Nassau County Executive Laura Curran along with Deputy Executive Assistant District Attorney Dan Looney, District Attorney Madeline Singas and Administrative Judge Norman St. George announce that the Nassau County Courthouse at 262 Old Country Rd. in Mineola was added to the National Register of Historic Places on Thursday. Credit: James Carbone

The Nassau County Courthouse, an architectural wonder with roots dating back more than a century and the home for some of the most significant criminal cases of the past two decades, has been added to the National Register of Historic Places.

The three-building Mineola complex, constructed in the modern Classical style off Old Country Road, features distinctive sandstone blocks, tall concrete columns, lofty ceilings, granite terrazzo floors and a sunlight-lit rotunda.

The courthouse, which once played host to the trials of the "Long Island Lolita" Amy Fisher, serial killer Joel Rifkin and Long Island Rail Road shooter Colin Ferguson, have some hidden gems, including 200-million-year-old fossils recently identified within the limestone walls.

But only in recent years, through the research of Nassau Deputy Executive Assistant District Attorney Dan Looney, was it discovered that the courthouse was modeled after the Lincoln Memorial in Washington, D.C.

"When people walk in they should be filled with the awe, majesty and grandeur of a courthouse and what it represents to our history," District Attorney Madeline Singas said at a news conference Thursday.

At the turn of the 19th century just after Nassau, which had been part of Queens, became its own county, the Nassau court met in a new building at Old Country Road and Franklin Avenue, which is now the Theodore Roosevelt Executive and Legislative Building.

But by the late-1930s, the county's population was growing and Nassau needed a larger courthouse. In 1938 the county hired Lawrence Lincoln, a Nassau resident who had worked on the Lincoln Memorial, to design a new court complex. (Lincoln, the architect, and Abraham Lincoln, the president honored by the memorial, were not related.)

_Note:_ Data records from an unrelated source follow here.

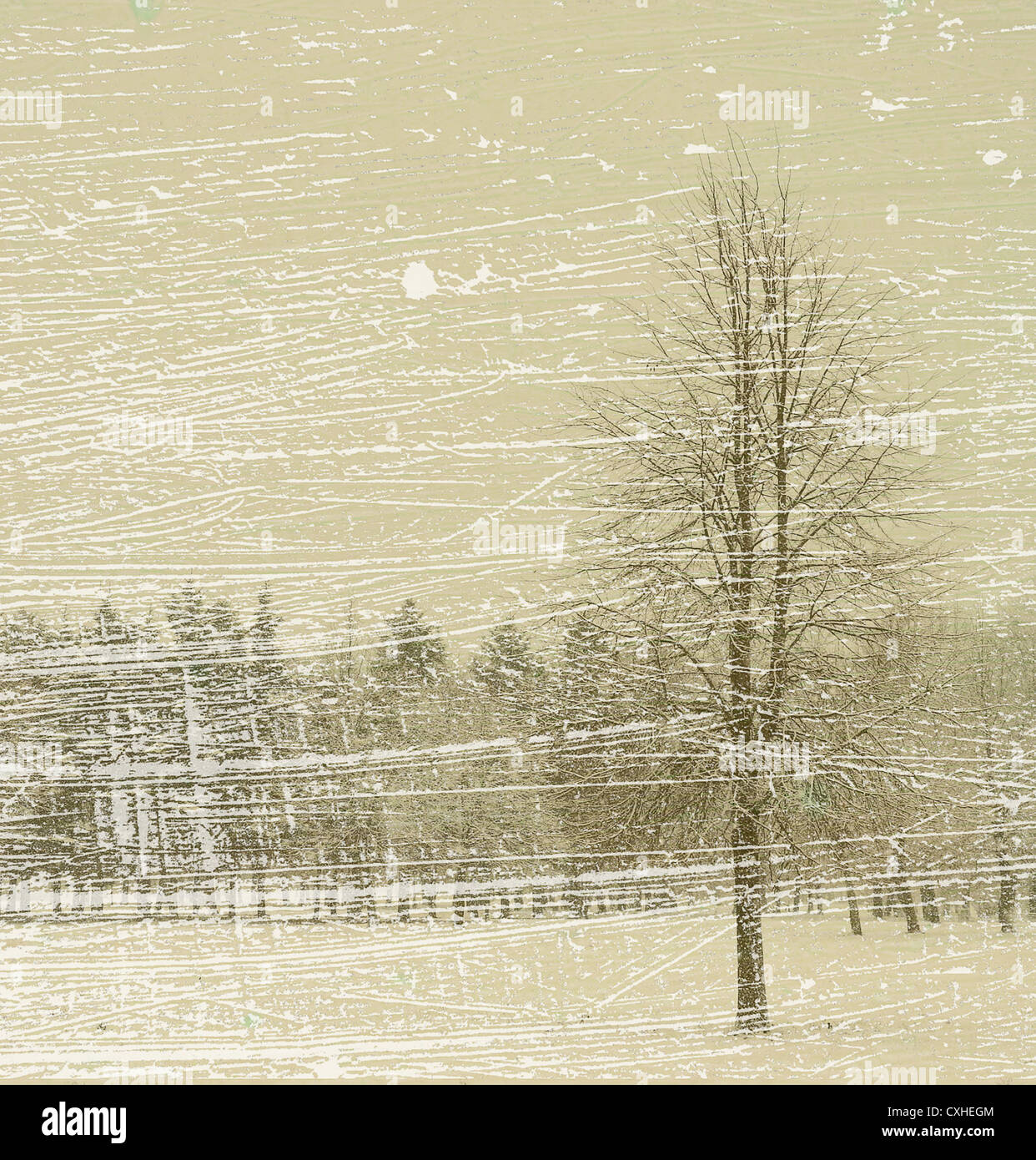 bufera di neve Foto Stock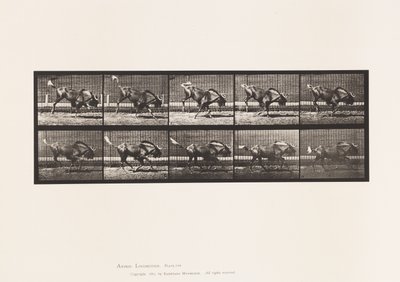 Tavola 702. Gnu; Saltando e Galoppando da Eadweard Muybridge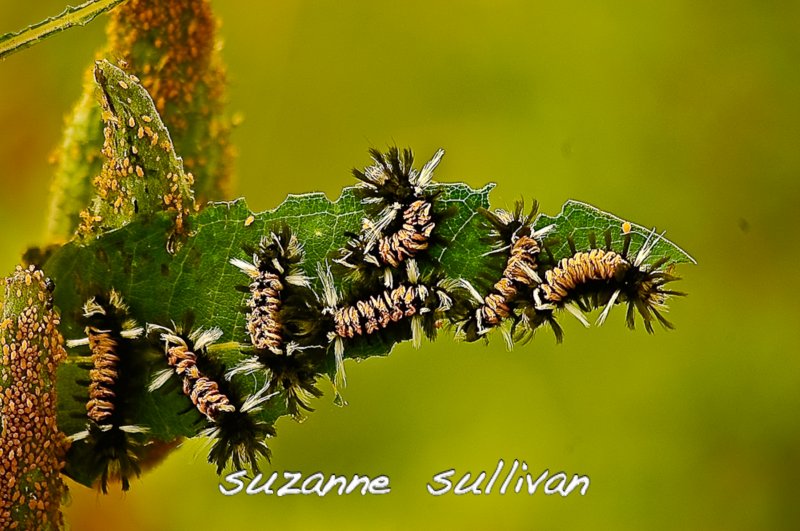 tigermoth caterpillars Plum Island.jpg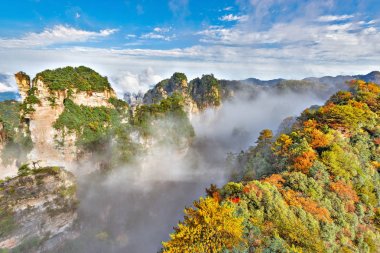 Renkli uçuruma Zhangjiajie Forest Park içinde ağaçlar.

The new buildings would be a federal Public Works Administration Depression-era infrastructure project.

The three-building complex, home to Nassau's criminal and surrogate courts and the Nassau District Attorney's Office, was completed in 1940 at a cost of $2.65 million.

Looney said he set-out 30 years ago to secure the complex's place on the Register but encountered multiple roadblocks. The court's original records were destroyed by the Works Progress Administration in 1943 and backup records were burned in a fire at Mitchel Field in 1974.

Over the course of two decades, Looney would scour transcripts of old Nassau Board of Supervisor meetings seeking records of the courthouse. He would track every newspaper clipping about the complex and eventually located an incomplete blueprint.

Several years ago, on a trip to Washington with his son, Looney noticed that a pair of bronze lanterns, flanking the courthouse's north and south steps, were smaller-scale version of nearly identical ones at the Lincoln Memorial.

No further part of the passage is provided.